Create the table with custom date and time formats.
CREATE EXTERNAL TABLE test_csv ( col_date DATE, col_datetime DATETIME, col_timestamp TIMESTAMP, col_timestamp_ntz TIMESTAMP_NTZ ) STORED BY 'com.aliyun.odps.CsvStorageHandler' LOCATION 'oss://oss-cn-hangzhou-internal.aliyuncs.com/oss-mc-test/demo/' TBLPROPERTIES ( 'odps.text.option.date.io.format' = 'MM/dd/yyyy', 'odps.text.option.datetime.io.format' = 'yyyy-MM-dd-HH-mm-ss x', 'odps.text.option.timestamp.io.format' = 'yyyy-MM-dd HH-mm-ss VV', 'odps.text.option.timestamp_ntz.io.format' = 'yyyy-MM-dd HH:mm:ss.SS' ); INSERT OVERWRITE test_csv VALUES(DATE'2025-02-21', DATETIME'2025-02-21 08:30:00', TIMESTAMP'2025-02-21 12:30:00', TIMESTAMP_NTZ'2025-02-21 16:30:00.123456789');The CSV file content after the insert:
02/21/2025,2025-02-21-08-30-00 +08,2025-02-21 12-30-00 Asia/Shanghai,2025-02-21 16:30:00.12Read back to verify.
SELECT * FROM test_csv;Expected output:
+------------+---------------------+---------------------+------------------------+ | col_date | col_datetime | col_timestamp | col_timestamp_ntz | +------------+---------------------+---------------------+------------------------+ | 2025-02-21 | 2025-02-21 08:30:00 | 2025-02-21 12:30:00 | 2025-02-21 16:30:00.12 | +------------+---------------------+---------------------+------------------------+
Example 8: BadRowSkipping
This example shows the three BadRowSkipping configurations using a CSV file with dirty data.
Data preparation: Upload csv_bad_row_skipping.csv to the oss-mc-test/badrow/ directory in OSS.
Create three tables, one for each configuration:
-- No table-level parameter: behavior is controlled by the session-level flag.
CREATE EXTERNAL TABLE test_csv_bad_data_skipping_flag
(
a INT,
b INT
)
STORED BY 'com.aliyun.odps.CsvStorageHandler'
WITH serdeproperties (
'odps.properties.rolearn'='acs:ram::<uid>:role/aliyunodpsdefaultrole'
)
LOCATION '<oss://databucketpath>';
-- Flexible: skipping is on by default but can be disabled at the session level.
CREATE EXTERNAL TABLE test_csv_bad_data_skipping_flexible
(
a INT,
b INT
)
STORED BY 'com.aliyun.odps.CsvStorageHandler'
WITH serdeproperties (
'odps.properties.rolearn'='acs:ram::<uid>:role/aliyunodpsdefaultrole'
)
LOCATION '<oss://databucketpath>'
TBLPROPERTIES (
'odps.text.option.bad.row.skipping' = 'flexible'
);
-- Rigid: skipping is always on and cannot be disabled at the session level.
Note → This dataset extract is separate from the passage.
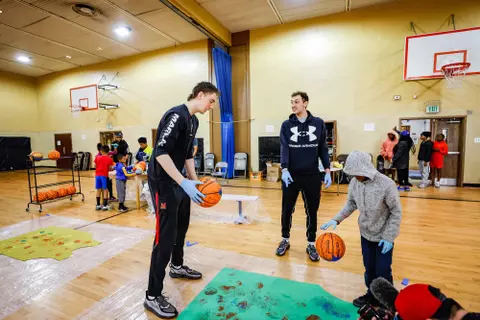 Center Caelum Swanton-Rodger (35) and Guard/Forward Noah Batchelor (11)
Maryland Men’s Basketball players create art with kids from Baltimore at Robert C. Marshall Recreation Center in Baltimore, MD on Saturday, May. 6, 2023.
Mackenzie Miles/Maryland Terrapins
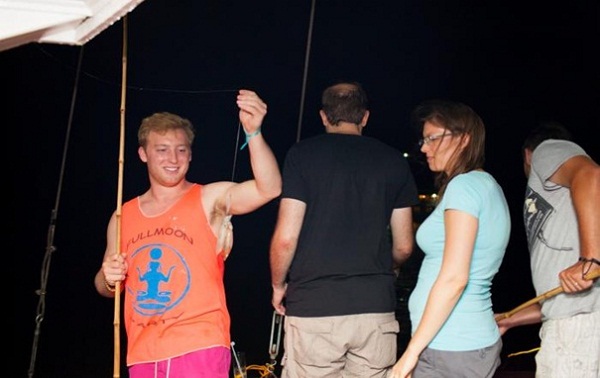 Visitors are very interested in Night squid fishing on Halong Bay boats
CREATE EXTERNAL TABLE test_csv_bad_data_skipping_rigid
(
a INT,
b INT
)
STORED BY 'com.aliyun.odps.CsvStorageHandler'
WITH serdeproperties (
'odps.properties.rolearn'='acs:ram::<uid>:role/aliyunodpsdefaultrole'
)
LOCATION '<oss://databucketpath>'
TBLPROPERTIES (
'odps.text.option.bad.row.skipping' = 'rigid'
);Verify results — set session-level flags and run each query:
-- Enable bad row skipping at the session level.
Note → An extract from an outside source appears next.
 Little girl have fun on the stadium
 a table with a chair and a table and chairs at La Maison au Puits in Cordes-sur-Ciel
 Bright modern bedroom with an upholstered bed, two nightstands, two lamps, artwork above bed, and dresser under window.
SET odps.sql.unstructured.text.bad.row.skipping=on;
-- Disable bad row skipping at the session level.
-- For 'flexible' tables, this disables skipping. For 'rigid' tables, this has no effect.
SET odps.sql.unstructured.text.bad.row.skipping=off;
-- Print details of up to 10 problematic rows to stdout in Logview.
SET odps.sql.unstructured.text.bad.row.skipping.debug.num=10;The table without a table-level parameter and the flexible table both return an error when skipping is disabled (off) or not set:
FAILED: ODPS-0123131:User defined function exceptionThe rigid table always skips bad rows, returning only the valid rows regardless of session flags:
+------------+------------+
| a | b |
+------------+------------+
| 1 | 26 |
| 5 | 37 |
+------------+------------+FAQ
A "column count mismatch" error occurs when reading CSV or TSV data
If the number of columns in a CSV or TSV file doesn't match the external table DDL, MaxCompute reports an error similar to:
FAILED: ODPS-0123131:User defined function exception - Traceback:java.lang.RuntimeException: SCHEMA MISMATCH:xxxSet odps.sql.text.schema.mismatch.mode at the session level to control the behavior:
SET odps.sql.text.schema.mismatch.mode=truncate— if the file has more columns than the DDL, extra data is discarded; if fewer, the missing columns are filled with NULL.SET odps.sql.text.schema.mismatch.mode=error— reports an error when column counts don't match (default behavior).